This invention relates to a steam generating system and, more particularly, to a sub-critical or super-critical once-through steam generating system for converting water to steam.
In general, a once-through steam generator operates to circulate a pressurized fluid, usually water, through a steam generating section and a superheating section to convert the water to steam. In these arrangements, the water entering the unit passes once through the circuitry and discharges from the superheating section outlet of the unit as superheated steam for use in driving a turbine, or the like.
These arrangements provide several improvements over conventional drum-type boilers, and although some problems arose in connection with early versions of the once-through generators, such as excessive startup thermal losses, mismatching of steam temperature, the requirement for sophisticated controls and additional valving during startup, these problems have been virtually eliminated in later generating systems.
For example, the system disclosed in U.S. Pat. No. 4,099,384 and assigned to the assignee of the present application, includes a plurality of separators disposed in the main flow line between the steam generating section and the superheating section and adapted to receive fluid flow from the steam generating section during startup and full load operation of the system. This arrangement enables a quick and efficient startup to be achieved with a minimum of control functions, and with minimal need for costly valves. Also, the turbines can be smoothly loaded at optimum pressures and temperatures that can be constantly and gradually increased without the need of boiler division valves or external bypass circuitry for steam dumping. Also, according to this system, operation can be continuous at a very low load with a minimum of heat loss to the condenser.
In the latter arrangement, the walls of the furnace section of the generator are formed by a plurality of vertically extending tubes having fins extending outwardly from diametrically opposed portions thereof, with the fins of adjacent tubes being connected together to form a gas-fight structure. During startup, the furnace operates at constant pressure and super-critical water is passed through the furnace boundary walls in multiple passes to gradually increase its temperature. This requires the use of headers between the multiple passes to mix out heat unbalances caused by portions of the vertically extending tubes being closer to the burners than others or by the tubes receiving uneven absorption because of local slag coverage, burners being out of service, and other causes. The use of these intermediate headers, in addition to being expensive, makes it undesirable to operate the furnace at variable pressure because of probability of separation of the steam and liquid within the header and uneven distribution to the downstream circuit. Therefore, this type of arrangement requires a pressure reducing station interposed between the furnace outlet and the separators to reduce the pressure to predetermined values and, in addition, requires a relatively large number of downcomers to connect the various passes formed by the furnace boundary wall circuitry.
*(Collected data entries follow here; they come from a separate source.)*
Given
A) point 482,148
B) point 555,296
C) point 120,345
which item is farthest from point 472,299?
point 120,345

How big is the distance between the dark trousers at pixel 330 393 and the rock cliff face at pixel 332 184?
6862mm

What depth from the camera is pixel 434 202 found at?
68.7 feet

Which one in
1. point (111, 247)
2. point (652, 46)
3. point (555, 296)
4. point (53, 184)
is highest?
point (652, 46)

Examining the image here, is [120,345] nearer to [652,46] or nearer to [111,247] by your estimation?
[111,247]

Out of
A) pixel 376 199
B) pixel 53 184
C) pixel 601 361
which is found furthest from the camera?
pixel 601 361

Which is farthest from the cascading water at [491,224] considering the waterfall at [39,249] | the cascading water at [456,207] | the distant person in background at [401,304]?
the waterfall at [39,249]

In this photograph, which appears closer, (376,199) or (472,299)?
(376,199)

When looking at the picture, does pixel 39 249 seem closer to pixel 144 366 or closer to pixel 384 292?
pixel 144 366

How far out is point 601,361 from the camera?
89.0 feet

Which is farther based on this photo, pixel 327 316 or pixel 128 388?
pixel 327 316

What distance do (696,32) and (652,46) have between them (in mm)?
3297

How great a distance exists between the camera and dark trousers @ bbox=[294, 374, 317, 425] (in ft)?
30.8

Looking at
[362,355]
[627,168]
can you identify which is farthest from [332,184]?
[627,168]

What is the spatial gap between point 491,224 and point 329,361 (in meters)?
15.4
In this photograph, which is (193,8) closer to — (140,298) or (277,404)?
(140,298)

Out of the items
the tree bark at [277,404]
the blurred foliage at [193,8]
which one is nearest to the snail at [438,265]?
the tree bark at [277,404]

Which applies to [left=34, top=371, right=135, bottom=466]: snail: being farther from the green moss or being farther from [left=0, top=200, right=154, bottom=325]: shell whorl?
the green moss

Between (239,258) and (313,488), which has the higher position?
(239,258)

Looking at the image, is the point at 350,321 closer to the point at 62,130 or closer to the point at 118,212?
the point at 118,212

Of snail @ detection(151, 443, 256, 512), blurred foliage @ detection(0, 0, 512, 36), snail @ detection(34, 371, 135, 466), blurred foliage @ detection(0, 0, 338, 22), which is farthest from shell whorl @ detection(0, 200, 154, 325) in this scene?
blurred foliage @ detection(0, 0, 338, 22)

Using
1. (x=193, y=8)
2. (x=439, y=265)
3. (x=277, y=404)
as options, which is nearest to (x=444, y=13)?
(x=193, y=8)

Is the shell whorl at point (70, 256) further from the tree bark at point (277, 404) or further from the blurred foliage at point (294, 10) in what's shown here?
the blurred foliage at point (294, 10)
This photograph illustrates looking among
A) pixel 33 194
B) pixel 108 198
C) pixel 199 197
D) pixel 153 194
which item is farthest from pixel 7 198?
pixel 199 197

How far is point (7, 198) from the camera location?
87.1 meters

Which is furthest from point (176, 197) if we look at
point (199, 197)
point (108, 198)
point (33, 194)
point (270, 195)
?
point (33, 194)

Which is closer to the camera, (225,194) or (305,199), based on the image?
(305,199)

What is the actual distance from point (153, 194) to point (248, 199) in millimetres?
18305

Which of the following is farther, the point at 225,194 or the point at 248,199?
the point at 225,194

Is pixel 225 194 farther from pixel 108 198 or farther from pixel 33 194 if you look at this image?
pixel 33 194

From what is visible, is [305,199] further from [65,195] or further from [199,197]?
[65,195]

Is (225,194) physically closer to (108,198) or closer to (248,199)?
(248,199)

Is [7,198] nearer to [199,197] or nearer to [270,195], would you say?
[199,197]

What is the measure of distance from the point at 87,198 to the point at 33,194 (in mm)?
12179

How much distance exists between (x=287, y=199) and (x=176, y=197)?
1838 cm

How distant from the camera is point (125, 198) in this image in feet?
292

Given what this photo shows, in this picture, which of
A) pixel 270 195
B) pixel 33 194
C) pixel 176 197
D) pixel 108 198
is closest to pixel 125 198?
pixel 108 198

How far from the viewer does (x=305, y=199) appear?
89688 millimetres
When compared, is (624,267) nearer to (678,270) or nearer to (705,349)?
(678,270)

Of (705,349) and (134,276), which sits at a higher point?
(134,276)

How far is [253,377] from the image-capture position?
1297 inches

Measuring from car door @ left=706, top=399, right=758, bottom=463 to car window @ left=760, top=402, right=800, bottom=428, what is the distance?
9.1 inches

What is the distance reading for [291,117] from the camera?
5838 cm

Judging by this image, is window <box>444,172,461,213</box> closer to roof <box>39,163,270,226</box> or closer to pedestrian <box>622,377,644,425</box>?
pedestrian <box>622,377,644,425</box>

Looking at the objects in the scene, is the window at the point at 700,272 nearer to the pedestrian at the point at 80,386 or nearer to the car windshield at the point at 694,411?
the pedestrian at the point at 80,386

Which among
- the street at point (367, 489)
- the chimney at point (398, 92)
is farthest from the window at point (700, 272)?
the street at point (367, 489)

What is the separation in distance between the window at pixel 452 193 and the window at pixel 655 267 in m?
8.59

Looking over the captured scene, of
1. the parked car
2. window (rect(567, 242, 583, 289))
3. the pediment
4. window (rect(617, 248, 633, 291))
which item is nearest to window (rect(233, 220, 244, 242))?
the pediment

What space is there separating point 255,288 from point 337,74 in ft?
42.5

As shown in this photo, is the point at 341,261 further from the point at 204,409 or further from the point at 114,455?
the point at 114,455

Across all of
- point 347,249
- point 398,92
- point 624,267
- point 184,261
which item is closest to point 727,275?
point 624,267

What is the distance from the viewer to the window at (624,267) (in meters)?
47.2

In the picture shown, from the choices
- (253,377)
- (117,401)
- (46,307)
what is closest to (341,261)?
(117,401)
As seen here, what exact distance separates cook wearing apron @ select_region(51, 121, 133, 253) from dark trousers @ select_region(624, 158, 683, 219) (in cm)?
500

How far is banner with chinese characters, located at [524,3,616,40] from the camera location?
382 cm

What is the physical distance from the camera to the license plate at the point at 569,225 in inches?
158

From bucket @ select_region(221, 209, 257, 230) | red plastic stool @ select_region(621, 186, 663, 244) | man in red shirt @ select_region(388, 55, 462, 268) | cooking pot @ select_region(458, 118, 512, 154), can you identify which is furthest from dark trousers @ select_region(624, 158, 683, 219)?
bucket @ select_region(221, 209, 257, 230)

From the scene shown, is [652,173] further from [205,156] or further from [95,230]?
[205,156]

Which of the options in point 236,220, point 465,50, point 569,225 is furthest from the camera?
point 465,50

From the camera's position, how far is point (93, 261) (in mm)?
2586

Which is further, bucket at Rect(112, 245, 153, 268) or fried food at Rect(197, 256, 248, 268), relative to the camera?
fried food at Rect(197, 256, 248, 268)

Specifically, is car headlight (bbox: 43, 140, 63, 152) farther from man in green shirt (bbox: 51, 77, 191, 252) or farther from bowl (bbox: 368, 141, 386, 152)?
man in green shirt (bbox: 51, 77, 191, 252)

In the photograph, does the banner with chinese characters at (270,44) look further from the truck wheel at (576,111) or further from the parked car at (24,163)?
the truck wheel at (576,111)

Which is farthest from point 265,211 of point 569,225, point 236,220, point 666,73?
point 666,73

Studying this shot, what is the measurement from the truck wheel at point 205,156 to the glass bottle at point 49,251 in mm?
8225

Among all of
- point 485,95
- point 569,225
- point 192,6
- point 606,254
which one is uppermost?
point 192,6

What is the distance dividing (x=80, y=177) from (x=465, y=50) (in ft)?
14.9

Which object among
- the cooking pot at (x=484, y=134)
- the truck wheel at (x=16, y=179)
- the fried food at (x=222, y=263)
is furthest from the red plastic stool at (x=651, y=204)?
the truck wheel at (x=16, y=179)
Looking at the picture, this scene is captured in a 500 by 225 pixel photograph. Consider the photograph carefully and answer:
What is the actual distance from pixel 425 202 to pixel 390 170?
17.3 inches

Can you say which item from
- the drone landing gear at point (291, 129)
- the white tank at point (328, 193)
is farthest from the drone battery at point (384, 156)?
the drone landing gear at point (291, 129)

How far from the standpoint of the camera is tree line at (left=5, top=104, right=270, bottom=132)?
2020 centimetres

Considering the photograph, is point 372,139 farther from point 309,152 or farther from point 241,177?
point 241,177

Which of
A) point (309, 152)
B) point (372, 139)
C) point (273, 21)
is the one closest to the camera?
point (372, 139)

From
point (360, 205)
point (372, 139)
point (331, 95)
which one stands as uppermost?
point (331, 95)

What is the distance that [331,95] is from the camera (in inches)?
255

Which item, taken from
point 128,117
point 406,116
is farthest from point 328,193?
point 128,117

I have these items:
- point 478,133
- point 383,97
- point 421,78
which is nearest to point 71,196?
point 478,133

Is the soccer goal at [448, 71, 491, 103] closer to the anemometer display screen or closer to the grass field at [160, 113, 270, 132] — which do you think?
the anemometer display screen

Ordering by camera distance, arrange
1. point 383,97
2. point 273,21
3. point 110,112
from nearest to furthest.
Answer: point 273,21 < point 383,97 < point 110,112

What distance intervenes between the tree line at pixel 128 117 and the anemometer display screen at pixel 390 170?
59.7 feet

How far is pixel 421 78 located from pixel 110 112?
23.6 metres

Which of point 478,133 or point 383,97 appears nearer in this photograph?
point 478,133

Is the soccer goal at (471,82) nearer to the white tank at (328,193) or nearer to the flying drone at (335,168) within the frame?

U.S. Pat. No. 4,178,881, also assigned to the present assignee discloses a steam generator which incorporates the features of the system discussed above and yet eliminates the need for intermediate headers, additional downcomers, and a pressure reducing station. Toward this end, the boundary walls of the furnace section of the latter steam generator are formed by a plurality of interconnected tubes, a portion of which extend at an acute angle with respect, to a horizontal plane. In this arrangement, the boundary walls defining the upper and lower portions of the furnace section of the steam generator are formed by vertical tube portions and the intermediate portion of the furnace section are formed by angular tube portions.
One geometric consequence of the angular tube arrangement is that, with reference to a horizontal plane, one angular tube generally occupies the space of two or three vertical tubes (depending on the angle of the angular tubes). Making the transition between the vertical and the angular tubes has typically been addressed using a bifurcated fitting (connecting one angular tube to two or three vertical tubes), an intermediate transition header, or a spiral-wound hopper (in the lower portion of the furnace).
Although these methods for making the transitions between the vertical and angular tube portions are effective, they have disadvantages relating to seals, two-phase flow distribution, thermo-hydraulic sensitivity, structural integrity, and thermal fatigue longevity in cycling service.